**EXERCISE OBJECTIVE:** Retype each line exactly as it stands, beginning at the first line of the material and finishing with the line that contains "تشغيل ( بصمة )".

**********

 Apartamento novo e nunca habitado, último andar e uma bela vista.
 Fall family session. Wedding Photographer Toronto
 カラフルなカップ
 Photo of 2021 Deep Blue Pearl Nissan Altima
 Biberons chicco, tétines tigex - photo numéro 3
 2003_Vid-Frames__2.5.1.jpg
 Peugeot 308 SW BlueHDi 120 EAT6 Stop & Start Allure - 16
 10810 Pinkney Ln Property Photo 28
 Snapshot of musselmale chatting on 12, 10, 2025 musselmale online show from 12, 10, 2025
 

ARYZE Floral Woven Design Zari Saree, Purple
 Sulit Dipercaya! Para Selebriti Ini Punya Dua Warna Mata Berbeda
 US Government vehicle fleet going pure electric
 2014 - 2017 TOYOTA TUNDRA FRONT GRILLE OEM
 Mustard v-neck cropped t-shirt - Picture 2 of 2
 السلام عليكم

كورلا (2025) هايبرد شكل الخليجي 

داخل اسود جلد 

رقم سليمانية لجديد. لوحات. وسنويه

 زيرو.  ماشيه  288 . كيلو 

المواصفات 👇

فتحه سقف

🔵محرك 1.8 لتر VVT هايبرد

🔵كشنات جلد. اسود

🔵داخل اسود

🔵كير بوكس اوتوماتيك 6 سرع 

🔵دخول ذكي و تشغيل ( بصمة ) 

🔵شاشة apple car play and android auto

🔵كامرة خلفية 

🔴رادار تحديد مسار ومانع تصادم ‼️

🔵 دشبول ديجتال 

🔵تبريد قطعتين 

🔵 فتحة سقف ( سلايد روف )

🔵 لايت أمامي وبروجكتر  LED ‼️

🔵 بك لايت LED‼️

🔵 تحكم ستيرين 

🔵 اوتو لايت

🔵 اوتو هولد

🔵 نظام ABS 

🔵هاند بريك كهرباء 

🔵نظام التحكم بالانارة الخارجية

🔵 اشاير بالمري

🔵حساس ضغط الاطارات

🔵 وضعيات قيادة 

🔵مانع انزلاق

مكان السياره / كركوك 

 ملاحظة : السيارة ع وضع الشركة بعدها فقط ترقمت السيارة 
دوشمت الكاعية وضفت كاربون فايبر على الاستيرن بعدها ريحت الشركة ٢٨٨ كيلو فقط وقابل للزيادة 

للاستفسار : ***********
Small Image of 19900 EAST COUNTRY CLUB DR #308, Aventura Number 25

**********

**OUTPUT FOR THIS TASK:**
 Apartamento novo e nunca habitado, último andar e uma bela vista.
 Fall family session. Wedding Photographer Toronto
 カラフルなカップ
 Photo of 2021 Deep Blue Pearl Nissan Altima
 Biberons chicco, tétines tigex - photo numéro 3
 2003_Vid-Frames__2.5.1.jpg
 Peugeot 308 SW BlueHDi 120 EAT6 Stop & Start Allure - 16
 10810 Pinkney Ln Property Photo 28
 Snapshot of musselmale chatting on 12, 10, 2025 musselmale online show from 12, 10, 2025
 

ARYZE Floral Woven Design Zari Saree, Purple
 Sulit Dipercaya! Para Selebriti Ini Punya Dua Warna Mata Berbeda
 US Government vehicle fleet going pure electric
 2014 - 2017 TOYOTA TUNDRA FRONT GRILLE OEM
 Mustard v-neck cropped t-shirt - Picture 2 of 2
 السلام عليكم

كورلا (2025) هايبرد شكل الخليجي 

داخل اسود جلد 

رقم سليمانية لجديد. لوحات. وسنويه

 زيرو.  ماشيه  288 . كيلو 

المواصفات 👇

فتحه سقف

🔵محرك 1.8 لتر VVT هايبرد

🔵كشنات جلد. اسود

🔵داخل اسود

🔵كير بوكس اوتوماتيك 6 سرع 

🔵دخول ذكي و تشغيل ( بصمة ) 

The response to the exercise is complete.